OK decorative drawer fronts...

OK coffee/storage jars (obviously)...

a couple of OK decorated coffee tables...

Plus several rolls of OK wall paper... which won't ever be put near a wall (but will be used to decorate O&S


----------



## hotmetal (Oct 31, 2013)

???


----------



## Drewster (Dec 1, 2013)

Oh - I forgot:

At least 4 OK handbags...

OK iPad cover...

OK Smart Phone cover (Alright its an iPhone 6 - Mrs D is an Apple fanboi too)...

OK purse

Several OK items of clothing...

We were in London yesterday and Mrs D showed great restraint.... she DIDN'T buy the OK shoes (from the OK shop)....
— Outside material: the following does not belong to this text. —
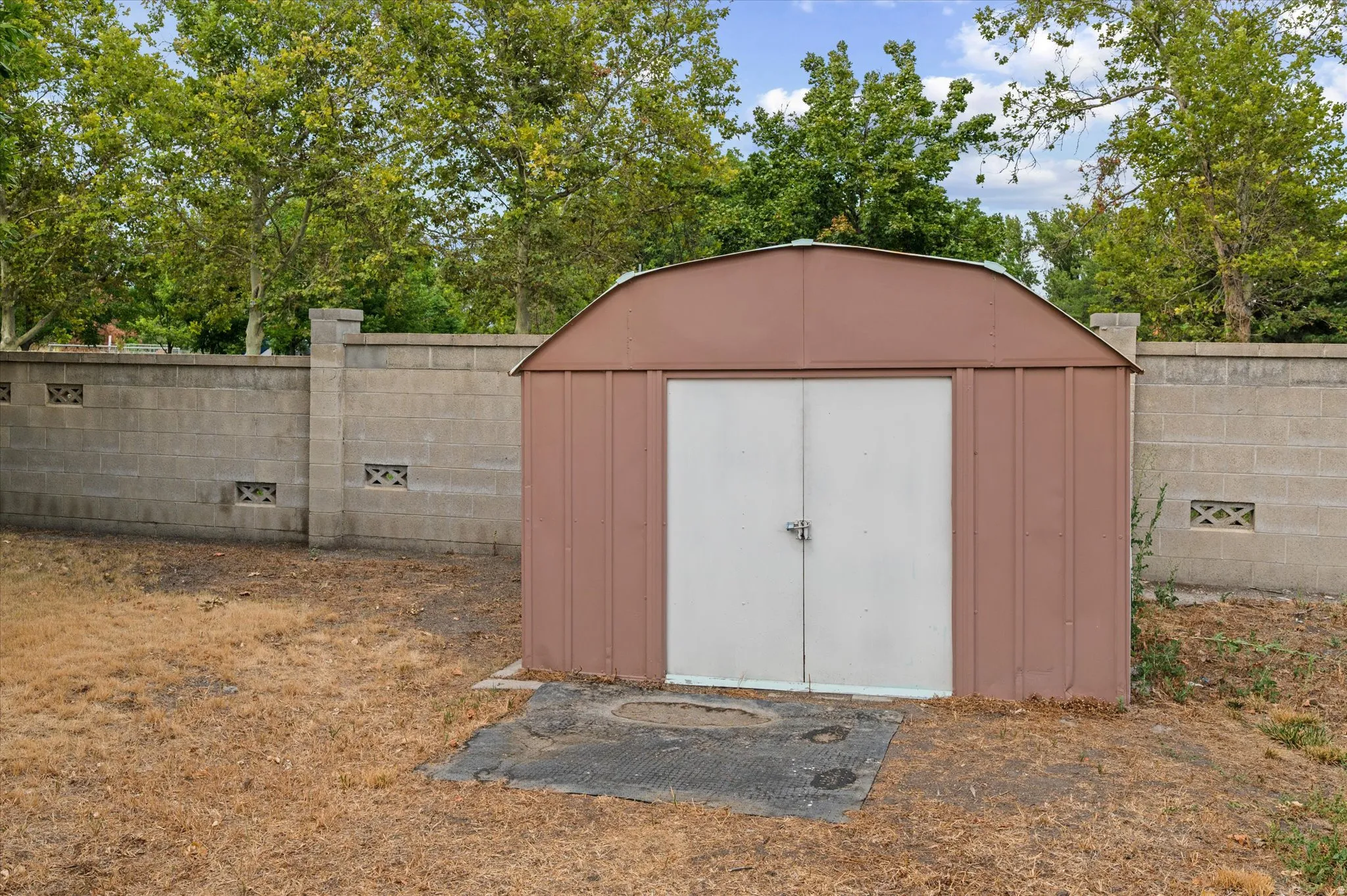 Metal storage shed with double doors, set on a concrete pad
I DIDN'T buy the OK espresso cup and saucer either!!!


----------



## hotmetal (Oct 31, 2013)

Drewster said:


> We were in London yesterday and Mrs D showed great restraint.... she DIDN'T buy the OK shoes (from the OK shop)....
> 
> I DIDN'T buy the OK espresso cup and saucer either!!!
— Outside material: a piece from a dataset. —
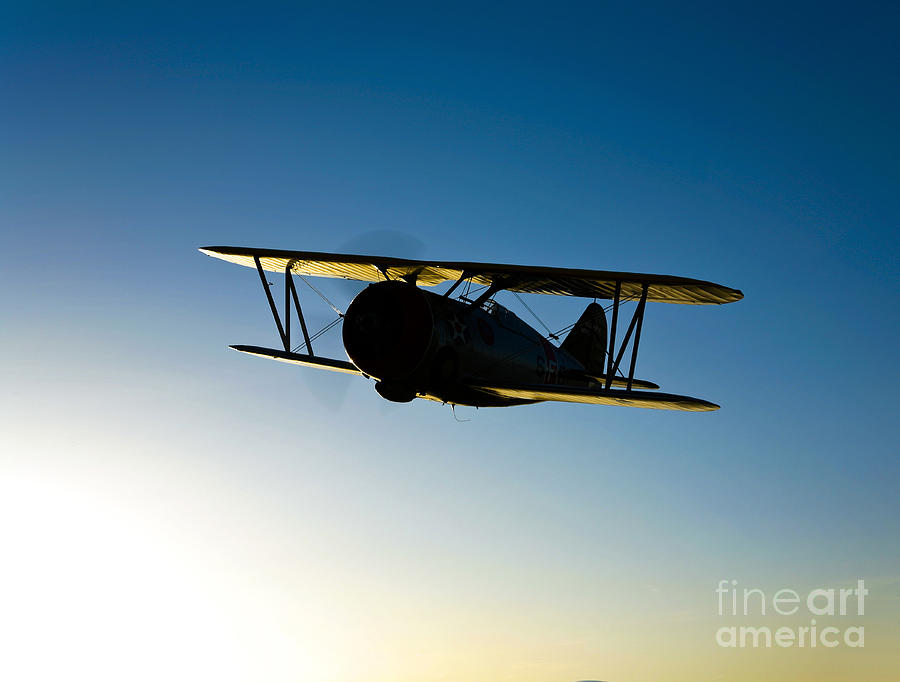 Silhouette Of A Grumman F3f Biplane Photograph by Scott Germain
Good lord man! Still, if you had have bought the spro cup you could have nipped down the road to Monmouth and got them to fill it with something nice that you'd enjoy. Just shut your eyes and pretend it's acme!


----------



## Drewster (Dec 1, 2013)

hotmetal said:


> Good lord man! Still, if you had have bought the spro cup you could have nipped down the road to Monmouth and got them to fill it with something nice that you'd enjoy. Just shut your eyes and pretend it's acme!
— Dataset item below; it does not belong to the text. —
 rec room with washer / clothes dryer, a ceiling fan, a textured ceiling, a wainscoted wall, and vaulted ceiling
The queue at Monmouth was at least 1/2 hour long - I popped into a "pop up" just down the road... tbh I would have drunk Domestos by that stage but the flat white was drinkable and the trendy re-hydrating re-vitalising fruity, ginseng cinnamon and fruit thing was wet and cold!!!!


----------



## DoubleShot (Apr 23, 2014)

@Drewster










The Co-Operative Food 13th May to 19th May 2015

Fill up your trolley lad!


----------



## hotmetal (Oct 31, 2013)

The Hotmetalette would love those. Now I feel bad for not buying her one. But I'd end up having to drink 570g of Dire Eggburps and that ain't happening!


----------



## Drewster (Dec 1, 2013)

DoubleShot said:


> @Drewster
> 
> 
> 
> ...


I refer my honourable friend to the answer I gave earlier.......

http://www.ebay.co.uk/itm/2217649858...84.m1558.l2649


----------



## Scotford (Apr 24, 2014)

I think that you'll all hate ME more!

I just used one of these:










(Only a tea. Calm down, calm down)


----------



## DoubleShot (Apr 23, 2014)

Did it live up to its "GREAT TASTE" advertising?


----------



## KkAaNnEe (Jan 2, 2015)

I have already been asked to find these! Someone help us!


----------



## DoubleShot (Apr 23, 2014)

@KkAaNnEe

Do you have a local The Co-Operative Food, they have them on offer currently for £5 a jar from today until 19th May.

Hope that helps.


----------



## Drewster (Dec 1, 2013)

KkAaNnEe said:


> I have already been asked to find these! Someone help us!


Well [Nudge and a wink] I might be able to sort you out something [Know what I mean].... [You ain't seen me right]



DoubleShot said:


> @KkAaNnEe
> 
> Do you have a local The Co-Operative Food, they have them on offer currently for £5 a jar from today until 19th May.
> 
> Hope that helps.


Yeah that as well.....

and I think Tesco as well....


----------



## Jon (Dec 3, 2010)

Scotford said:


> I think that you'll all hate ME more!
> 
> I just used one of these:
> 
> ...


What!? You. Of all people!?


----------



## Scotford (Apr 24, 2014)

jonc said:


> What!? You. Of all people!?


Yes, me of all people. Only hot water though for a tea. (I took my own teabags to the airport)


----------



## Jon (Dec 3, 2010)

Ok respect. You best not have used uht. I hate that filth.


----------



## Scotford (Apr 24, 2014)

Only black rooibos for me, tah


----------